Oil futures tilted lower in American trade, still hovering near three-year highs, even as the dollar index declined to the lowest since September 8, following a basket of data from China, the world's largest energy importer, and the US, the world's largest energy consumer.
As of 04:32 GMT, US West Texas Intermediate fell 0.66% to $63.38 a barrel from the opening of $63.80, while Brent futures due on March 15 dipped 0.56% to $68.87 a barrel from the opening of $69.26, as the dollar index lost 0.63% to 91.27 from the opening of 91.85, marking a four-month trough.
Earlier Chinese data showed the trade surplus ballooning to $54.69 billion in December from $40.21 billion in November, beating expectations of a drop to $37.44B.
Earlier US data showed US retail sales rose 0.4% m/m in December, slowing down sharply from 0.9% in November, revised from 0.8%, while analysts expected a 0.5% increase.
Core sales rose 0.4%, besting expectations of 0.3%, while still sharply down from November's 1.3% increase, revised from 1%.
US consumer prices rose 0.1% in December in line with expectations, slowing down from 0.4% in November.

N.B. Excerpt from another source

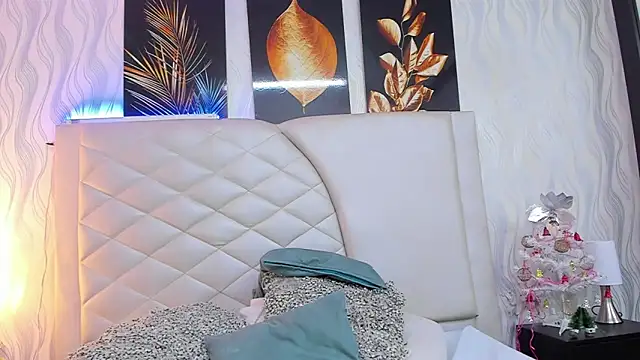 Snapshot of Amberr_Greyy chatting on 12/11/24, 05:48 Amberr Greyy online show from 12/11/24, 05:48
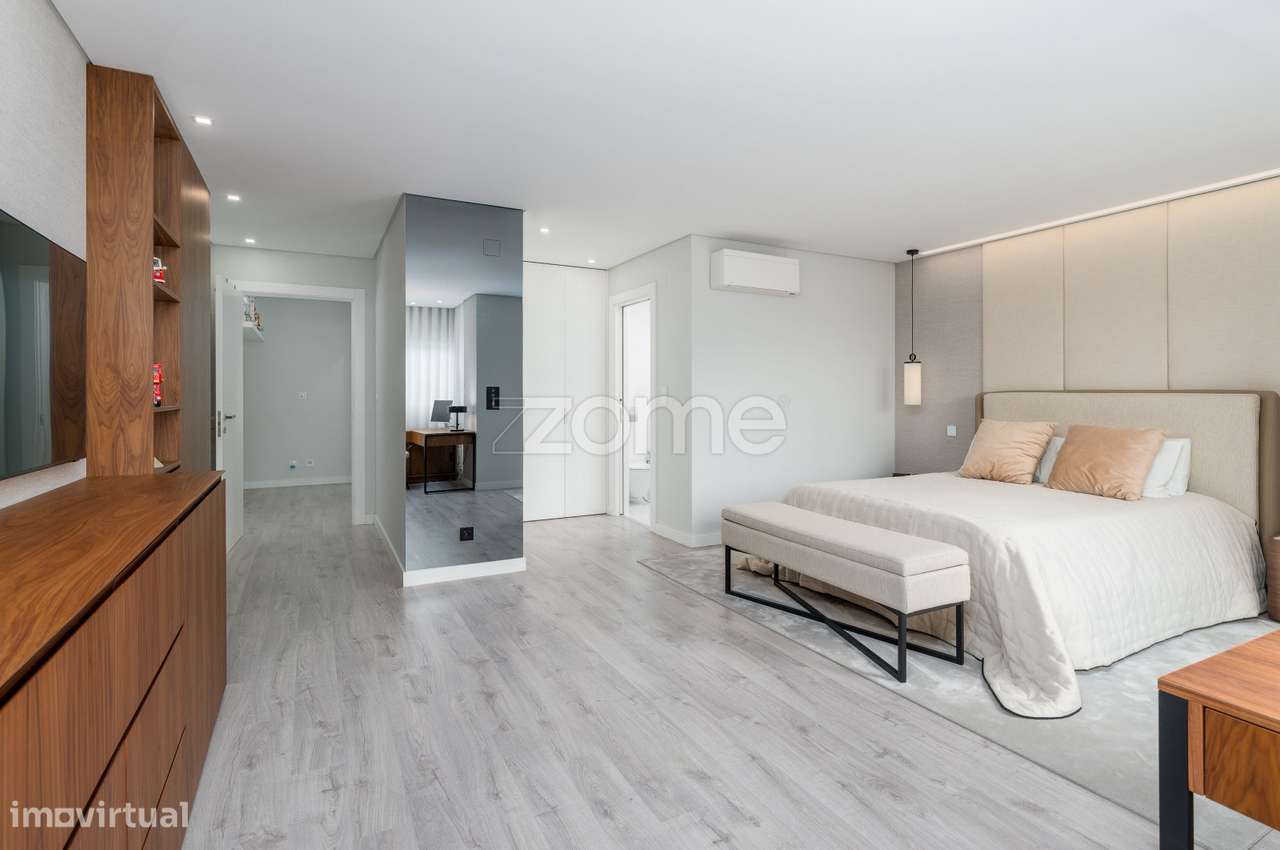 Luxuosa Penthouse T4 - Grande imagem: 2/60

Core prices, excluding food and fuel, rose 0.3% m/m, besting expectations of 0.2%, and up from November's 0.1% rise.
On Wednesday, the Energy Information Administration released its report on US crude stocks, showing a decline of 4.9 million barrels in the week ending January 5, passing expectations of a 3.9M drop, and adding to the 7.4M drop in the previous reading, with total stocks now reaching 419.5 million barrels.
Gasoline stocks rose 4.1 million barrels, while distillate stocks, including heating fuel, rose 4.3 million barrels, remaining within the medium range on average in this time of year.
Otherwise, UAE energy minister Suhail Al Mazroui said in earlier remarks that global demand growth was surprising last year, while expecting full compliance with the deal to cut output by 1.8 million bpd in cooperation between OPEC and Russia.